First thing in the morning
is the ringing of artificial bells
that once inspired H.D.T.
to cast aside "mechanical
aids" for wakefulness.

The daily glide & spin
creates a noise like
liftoff & sustains
through the hour
a tunnel's windy
rattle & hum.

Then there is the shouting
above the nonsense
of the braindead 
megaphone.

The internal
monologue always
warning that too much
talk might ruin even
the eagerest of ferns.

The click, the buzz,
the vibraphones
in every bag
& pocket
taking their
turns at
rippling
slightly the
delicate air.


2.

It is about this time
that one longs for the
desert's haunting emptiness
of sound, with footsteps'
constant pounding the only
sound external & the sole
saving thump of sanity.

To stop is to feel the heavy
drum of circulating blood
the hum of neurons firing.
leaping, gathering speed
to tips & return.

This terrifying solitude
is impossible to forget.
Nothing more frightening
than one's internal
holiness.

The only chance you have
is to run, and keep running
until sleep or its unruly brother
gathers the quietude around you
& hums the sound of a silent sea.


3.

But here, the gift of constant noise
keeps away the fearful quiet
(the voice of God?)
& headphones at the bedside,
a t.v. on the wall,
supply the soundtrack
of an always moving world
that spins us through
the night & at least
one more day.

Wednesday, June 16, 2010

Guilty, Conscious

I found thus that I had been a rich man without any damage to my poverty. 
(Thoreau, Walden “Where I Lived, and What I Lived For”)

Is the waking, then,
not, also, a little death?

Moving back to time
from the elegance
& lawlessness of sleep-space,
rousing weary guilt
from the richness of
indolent & wayward thought,
petty desire.

The mind is as quick
to absolve as to place blame:
It’s only dreaming.

Knowing the richness
of absurdity only
temporarily,
dream melts away to
both regret & thankfulness.

Leaving only a
wakeful emptiness:
the familiar poverty
of consciousness.



[It's late. I should be sleeping. Everyone else here is. But something kept nagging. So I went ahead and wrote this. I may take it down in the morning, but for now, here it is.]

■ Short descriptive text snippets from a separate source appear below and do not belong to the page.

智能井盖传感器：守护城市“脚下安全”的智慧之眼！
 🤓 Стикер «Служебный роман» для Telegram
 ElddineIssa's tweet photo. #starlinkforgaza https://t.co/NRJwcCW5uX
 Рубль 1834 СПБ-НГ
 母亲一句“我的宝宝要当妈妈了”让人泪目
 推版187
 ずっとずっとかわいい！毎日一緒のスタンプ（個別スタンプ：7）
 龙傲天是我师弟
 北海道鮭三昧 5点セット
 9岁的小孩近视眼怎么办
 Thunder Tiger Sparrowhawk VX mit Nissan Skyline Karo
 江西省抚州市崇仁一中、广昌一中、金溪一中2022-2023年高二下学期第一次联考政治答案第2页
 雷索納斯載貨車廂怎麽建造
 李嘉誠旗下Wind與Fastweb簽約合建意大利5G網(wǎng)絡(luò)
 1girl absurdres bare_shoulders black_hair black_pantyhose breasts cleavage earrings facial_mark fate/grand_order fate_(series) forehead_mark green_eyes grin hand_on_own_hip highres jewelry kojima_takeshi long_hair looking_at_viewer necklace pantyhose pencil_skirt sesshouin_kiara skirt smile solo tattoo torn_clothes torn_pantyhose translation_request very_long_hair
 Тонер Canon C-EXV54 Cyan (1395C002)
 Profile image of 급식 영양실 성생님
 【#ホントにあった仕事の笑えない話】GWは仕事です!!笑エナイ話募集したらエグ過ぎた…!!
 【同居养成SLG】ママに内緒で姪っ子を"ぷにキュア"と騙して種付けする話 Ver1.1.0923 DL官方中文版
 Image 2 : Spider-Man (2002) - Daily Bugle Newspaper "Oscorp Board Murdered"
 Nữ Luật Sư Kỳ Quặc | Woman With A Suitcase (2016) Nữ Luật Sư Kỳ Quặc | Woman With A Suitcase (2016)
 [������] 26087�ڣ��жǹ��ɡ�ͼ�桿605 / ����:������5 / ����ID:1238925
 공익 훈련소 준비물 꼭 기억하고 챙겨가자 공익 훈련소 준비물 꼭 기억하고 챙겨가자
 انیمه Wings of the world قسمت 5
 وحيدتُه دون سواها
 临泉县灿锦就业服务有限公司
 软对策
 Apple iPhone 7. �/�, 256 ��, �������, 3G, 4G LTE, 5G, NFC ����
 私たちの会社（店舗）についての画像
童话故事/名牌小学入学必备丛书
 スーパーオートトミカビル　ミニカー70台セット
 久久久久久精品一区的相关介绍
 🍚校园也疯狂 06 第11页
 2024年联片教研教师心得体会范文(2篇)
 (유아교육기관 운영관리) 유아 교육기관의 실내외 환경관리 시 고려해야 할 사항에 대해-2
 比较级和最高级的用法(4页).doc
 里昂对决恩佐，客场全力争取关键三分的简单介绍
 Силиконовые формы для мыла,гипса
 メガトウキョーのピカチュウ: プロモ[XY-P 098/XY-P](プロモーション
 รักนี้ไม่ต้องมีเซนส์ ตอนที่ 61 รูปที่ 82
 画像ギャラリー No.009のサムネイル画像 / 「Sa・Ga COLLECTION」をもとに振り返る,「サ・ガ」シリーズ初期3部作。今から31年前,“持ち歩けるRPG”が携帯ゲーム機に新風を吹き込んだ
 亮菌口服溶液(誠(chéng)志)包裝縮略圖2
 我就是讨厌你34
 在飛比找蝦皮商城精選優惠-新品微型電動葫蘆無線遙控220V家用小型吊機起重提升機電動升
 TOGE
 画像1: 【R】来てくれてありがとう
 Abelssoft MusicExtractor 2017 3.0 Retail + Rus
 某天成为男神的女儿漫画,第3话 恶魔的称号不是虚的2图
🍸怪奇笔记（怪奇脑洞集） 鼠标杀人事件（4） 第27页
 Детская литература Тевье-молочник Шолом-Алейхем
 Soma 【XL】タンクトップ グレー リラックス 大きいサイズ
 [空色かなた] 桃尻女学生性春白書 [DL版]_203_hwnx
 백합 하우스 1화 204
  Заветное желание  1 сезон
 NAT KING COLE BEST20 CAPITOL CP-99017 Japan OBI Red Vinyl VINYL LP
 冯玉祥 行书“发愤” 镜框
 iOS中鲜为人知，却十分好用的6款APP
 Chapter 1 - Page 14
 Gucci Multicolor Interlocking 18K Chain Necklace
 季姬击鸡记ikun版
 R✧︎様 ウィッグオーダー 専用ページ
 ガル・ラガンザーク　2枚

[Note: It was written in three line stanzas and then rearranged. Those stanzas were significant to the design of the poem during composition, but it reads more easily divided as it is now. Forgive me, I am trying to get out of my normal way of writing. Feel free to criticize this and the prior posts as well. Finally, good night.]

Saturday, April 3, 2010

A Meditation on Teaching from a reminder by H. D. Thoreau

When we reflected that this was not a solitary phenomenon, never to happen again, but that it would happen forever and ever an infinite number of evenings, and cheer and reassure the latest child that walked there, it was more glorious still.   (H. D. Thoreau, “Walking” 1851)
That this could be a place to look forward to is not lost on everyone. To take for granted is not to hate, and, contrary to the belief of many of the famous among us, it is not worse. Of course, it would be better if they all arrived ready, daily, to be brilliant, to be brought to new heights, to be dropped, to fly.

No one counts the sunsets or sunrises seen, nor do they grieve the ones they’ve missed. Perfect attendance is no longer cause for award. But the days when the light streams for their eyes only, when the crowds disappear, ear-buds, iPods, and cell phones stay in backpacks and laptops remain unnecessary, when the blue sky of possibility does not fade to the starry false-night of day-sleeping but streaks with the color of new thought, then being awake, being alive, being here is worth more than the pieces of paper suitable for framing. The good days, hours, and minutes are worth counting one by one, and not crossed out like days on a calendar between paydays and until vacations.

There is much forgetfulness to be remembered and much to be memorized and then erased, but the moments of real learning remain constant; the rest cease to have existed. The good hours, landmarks between the monotonous minutes and are the frustrating weeks, are never passed over unnoticed. When the sleepers in those awkward desks are awakened by a miraculous moment they remain just a bit more awake, and that much closer to the path that inevitably leads to the glorious and perpetual glow of a lifetime of searching towards an education of their own. It is this daily ritual, often faked, ignored, or just plain missed, that gets us up early on a cold, winter morning, that keeps us from walking away on a bright, spring afternoon, and that makes summer’s never-quite-long-enough recovery only temporary.